B1328
Title: On depths for noisy functional data: The quantile Integrated depth
Authors: Sara Lopez Pintado - Northeastern University (United States) [presenting]
Abstract: Functional data analysis is an exciting field of statistics where the basic unit of observation is a function or image. The development of robust exploratory tools and inferential methods for functional data is very much needed. Data depth is a well-known and useful non-parametric tool for analyzing functional data. It provides a way of ranking a sample of curves from the centre outwards and of defining robust statistics. Several notions of depth for functional data were introduced in the literature in the last few decades. These functional depths usually satisfy desirable properties, such as some type of invariance, maximality at the center and monotonicity with respect to the deepest point. We develop a new family of depths denoted by quantile integrated depth (QID) based on integrating up to the K-th percentile/quantile of the univariate depths.

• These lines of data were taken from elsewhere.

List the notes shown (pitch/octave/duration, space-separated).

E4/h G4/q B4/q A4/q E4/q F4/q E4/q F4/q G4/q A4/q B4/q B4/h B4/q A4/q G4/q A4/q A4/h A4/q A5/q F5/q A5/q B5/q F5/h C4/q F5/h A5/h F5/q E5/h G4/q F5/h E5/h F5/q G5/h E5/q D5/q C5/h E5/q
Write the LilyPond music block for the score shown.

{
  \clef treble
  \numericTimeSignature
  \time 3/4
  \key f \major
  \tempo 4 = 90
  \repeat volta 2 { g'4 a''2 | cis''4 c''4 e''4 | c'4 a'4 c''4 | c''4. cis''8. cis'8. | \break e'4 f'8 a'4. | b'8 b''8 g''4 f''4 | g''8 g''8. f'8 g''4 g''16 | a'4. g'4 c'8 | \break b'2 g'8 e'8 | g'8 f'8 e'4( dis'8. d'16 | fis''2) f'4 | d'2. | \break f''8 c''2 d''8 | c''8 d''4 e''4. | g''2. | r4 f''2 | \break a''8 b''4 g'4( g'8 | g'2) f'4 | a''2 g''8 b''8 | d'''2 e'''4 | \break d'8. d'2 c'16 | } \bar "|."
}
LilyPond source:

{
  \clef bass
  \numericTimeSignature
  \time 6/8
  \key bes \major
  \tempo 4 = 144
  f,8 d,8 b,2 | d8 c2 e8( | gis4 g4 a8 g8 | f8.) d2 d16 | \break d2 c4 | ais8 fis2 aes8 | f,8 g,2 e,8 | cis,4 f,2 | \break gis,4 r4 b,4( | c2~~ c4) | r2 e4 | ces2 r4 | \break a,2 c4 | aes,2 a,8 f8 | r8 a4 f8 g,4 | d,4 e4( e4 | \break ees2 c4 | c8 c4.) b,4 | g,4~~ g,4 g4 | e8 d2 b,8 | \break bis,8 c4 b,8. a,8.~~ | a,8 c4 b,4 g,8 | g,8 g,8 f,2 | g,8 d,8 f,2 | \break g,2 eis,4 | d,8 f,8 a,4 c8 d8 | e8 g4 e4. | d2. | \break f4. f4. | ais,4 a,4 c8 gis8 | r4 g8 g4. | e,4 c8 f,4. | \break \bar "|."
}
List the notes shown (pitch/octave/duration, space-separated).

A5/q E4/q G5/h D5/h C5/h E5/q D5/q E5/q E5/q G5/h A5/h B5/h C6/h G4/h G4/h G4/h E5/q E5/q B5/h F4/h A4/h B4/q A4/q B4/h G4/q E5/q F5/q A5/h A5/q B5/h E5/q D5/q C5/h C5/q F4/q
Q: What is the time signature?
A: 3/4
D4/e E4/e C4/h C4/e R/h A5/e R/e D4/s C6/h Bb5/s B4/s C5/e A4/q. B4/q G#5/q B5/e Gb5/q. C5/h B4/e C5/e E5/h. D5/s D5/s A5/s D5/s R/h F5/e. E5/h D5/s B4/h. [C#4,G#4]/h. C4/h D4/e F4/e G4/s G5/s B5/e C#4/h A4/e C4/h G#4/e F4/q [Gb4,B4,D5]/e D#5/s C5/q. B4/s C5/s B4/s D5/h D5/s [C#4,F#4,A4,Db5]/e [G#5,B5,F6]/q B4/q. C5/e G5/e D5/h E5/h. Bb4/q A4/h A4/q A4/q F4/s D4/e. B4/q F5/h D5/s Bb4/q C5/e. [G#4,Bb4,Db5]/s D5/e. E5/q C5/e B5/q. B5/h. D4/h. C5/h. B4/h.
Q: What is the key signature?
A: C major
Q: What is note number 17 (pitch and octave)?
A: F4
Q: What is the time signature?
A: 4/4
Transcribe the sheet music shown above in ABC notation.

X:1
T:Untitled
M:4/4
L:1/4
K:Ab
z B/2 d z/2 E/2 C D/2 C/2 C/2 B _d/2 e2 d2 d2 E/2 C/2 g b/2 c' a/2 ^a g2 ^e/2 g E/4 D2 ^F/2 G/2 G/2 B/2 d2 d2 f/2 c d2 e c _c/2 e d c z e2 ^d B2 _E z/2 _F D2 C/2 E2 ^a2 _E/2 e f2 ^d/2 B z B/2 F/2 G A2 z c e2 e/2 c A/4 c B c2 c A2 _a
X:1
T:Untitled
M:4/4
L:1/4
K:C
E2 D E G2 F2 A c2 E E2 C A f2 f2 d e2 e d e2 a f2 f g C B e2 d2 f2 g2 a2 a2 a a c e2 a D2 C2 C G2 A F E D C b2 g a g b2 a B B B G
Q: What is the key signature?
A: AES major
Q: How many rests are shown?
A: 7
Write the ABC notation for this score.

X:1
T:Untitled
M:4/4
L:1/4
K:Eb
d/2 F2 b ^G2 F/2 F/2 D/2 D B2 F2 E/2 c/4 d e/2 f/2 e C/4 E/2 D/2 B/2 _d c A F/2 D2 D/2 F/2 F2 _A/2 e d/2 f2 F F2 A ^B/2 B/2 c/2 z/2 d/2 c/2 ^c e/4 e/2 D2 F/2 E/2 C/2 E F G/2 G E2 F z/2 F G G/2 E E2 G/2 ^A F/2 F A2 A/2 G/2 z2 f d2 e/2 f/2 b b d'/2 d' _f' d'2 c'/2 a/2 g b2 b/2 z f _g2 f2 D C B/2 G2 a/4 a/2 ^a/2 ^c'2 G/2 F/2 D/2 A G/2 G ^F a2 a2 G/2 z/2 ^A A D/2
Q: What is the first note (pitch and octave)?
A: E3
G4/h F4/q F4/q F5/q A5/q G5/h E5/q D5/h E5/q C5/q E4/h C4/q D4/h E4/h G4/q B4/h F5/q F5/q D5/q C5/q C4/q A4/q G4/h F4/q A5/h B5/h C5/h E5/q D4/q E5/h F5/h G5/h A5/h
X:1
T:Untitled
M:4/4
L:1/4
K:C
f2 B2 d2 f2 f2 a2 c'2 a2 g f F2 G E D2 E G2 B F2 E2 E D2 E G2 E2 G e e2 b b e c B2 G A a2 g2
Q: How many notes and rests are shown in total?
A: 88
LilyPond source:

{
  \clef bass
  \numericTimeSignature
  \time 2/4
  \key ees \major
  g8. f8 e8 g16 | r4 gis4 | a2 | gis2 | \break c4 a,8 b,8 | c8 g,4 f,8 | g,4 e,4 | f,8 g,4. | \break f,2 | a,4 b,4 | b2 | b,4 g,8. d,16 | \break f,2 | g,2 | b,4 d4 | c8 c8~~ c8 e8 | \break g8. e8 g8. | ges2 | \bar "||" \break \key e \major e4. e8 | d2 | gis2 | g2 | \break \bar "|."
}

The theoretical properties of this new family of depths are studied. In practice, functional data are often observed with noise. We explore the effect of noise on different notions of depth and propose the SAD (Spearman Agreement Depth) plot to compare the performance of these functional depths in the presence of noise. The proposed quantile integrated depths are shown to be robust to noisy functional data outperforming alternative functional depths. Procedures for choosing optimal tuning parameter K in QID based on the SAD plot are discussed.